Yummy artificial banana taste.

31. Bananas

32. Mint Pattie

Dark chocolate encases a sweet but slightly dubious peppermint centre.

33. Golden Rough – Discontinued

Roasted coconut covered in milk chocolate.

34. Freckles

Slightly low-quality milk chocolate topped with hundreds and thousands. Not the best, but a decent candy to find in a party lolly bag. This Aussie lolly has stood the test of time.

35. Clinkers

They’re probably all the same, but I swear the green and pink ones taste better than the yellow ones. Best consumed by carefully scraping the chocolate off with your teeth and eating the exposed candy centre separately.

36. Freddo Frog

Just normal milk chocolate but made better by its frog shape. Pretty sure these funded the majority of school trips, dance recitals, and charity organizations for school kids across the country.

37. Caramello Koala

Ditto with these. Chocolate with a soft caramel centre, made better by its koala shape.

38. Tim Tams

Making Australia proud since 1964. Two malted chocolate biscuits surround a thin layer of chocolate cream and are coated in a layer of chocolate. This description doesn’t do them justice; Tim Tams have to be tasted to be believed.

39. Cherry Ripe

Cherries and desiccated coconut encased in milk chocolate. A classic.
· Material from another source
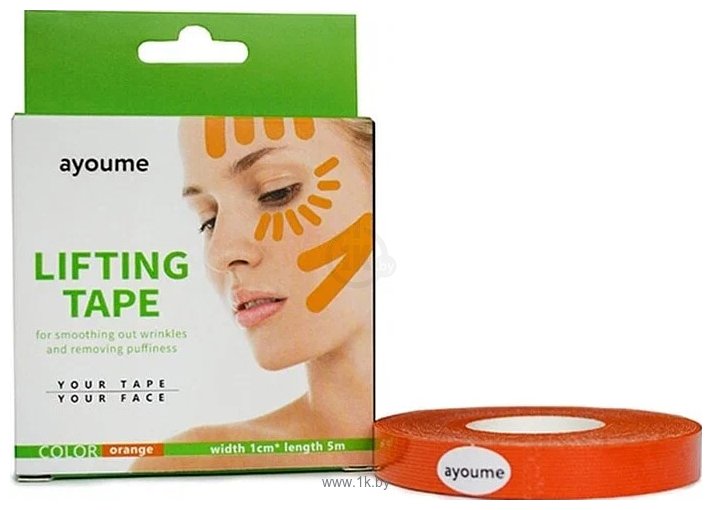 Фотографии Ayoume Kinesiology Tape Roll 1 см x 5 м (красный)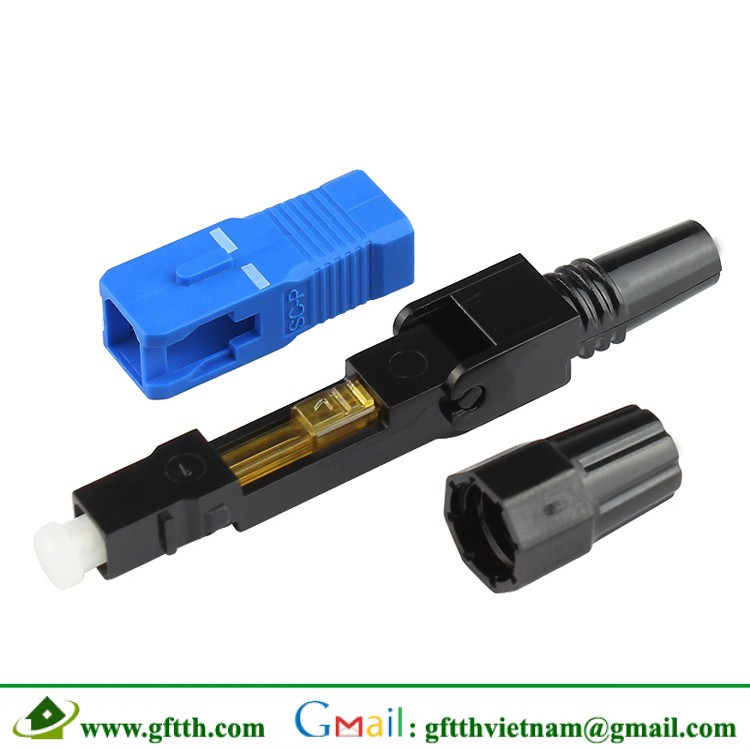 ĐẦU NỐI QUANG NHANH SC/APC, FAST CONNECTOR SC/APC GIÁ RẺ TẠI HÀ NỘI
40. Europe Nougat Honey Log

Peanuts and coconut surrounded by nougat, then coated in chocolate. An easy favourite and a wildcard in the Freddo Frog and Caramello Koala-dominated fundraising box.
What is the most popular candy in Australia?

Cadbury and Allen’s are two of the most popular candy brands in Australia. Cadbury favourites include Dairy Milk chocolate, Freddo Frogs, and Caramello Koalas. Meanwhile, popular Allen’s lollies are Red Skins, Sherbies, and Milko Chews.

What is candy called in Australia?

Candy is typically called ‘lollies’ in Australia.

What are lollies in Australia?

Lollies is the Australian word for sweets or candy.

What is the most popular chocolate bar in Australia?

Cadbury’s Dairy Milk is the most popular chocolate bar in Australia.

Are Cherry Ripes Australian?

Cherry Ripes are an Australian chocolate, introduced by Australian confectioner MacRobertson's in 1924.

What is the best chocolate in Australia?

Cherry Ripe, Picnic, Dairy Milk, and Mars Bars.